Overall, no account in this project has any interesting privilege:
This CI deals only with functional and performance testing and doesn't deal with any sort of continuous deployment.
Presubmit jobs are only triggered if at least one of the following is true:
Sandboxes are not too hard to escape (Docker is the only boundary) and can pollute each other via the shared ccache.
As such neither pre-submit nor post-submit build artifacts are considered trusted. They are only used for establishing functional correctness and performance regression testing.
Binaries built by the CI are not ran on any other machines outside of the CI project.

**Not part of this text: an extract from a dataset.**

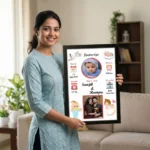 A smiling woman holding a personalized baby birth details classic photo frame design 001 by upahar18 inside a beautifully decorated home living room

They are deliberately not downloadable.
The only build artifacts that are retained (for up to 30 days) and uploaded to the GCS bucket are the UI artifacts. This is for the only sake of getting visual previews of the HTML changes.
UI artifacts are served from a different origin (the GCS per-bucket API) than the production UI.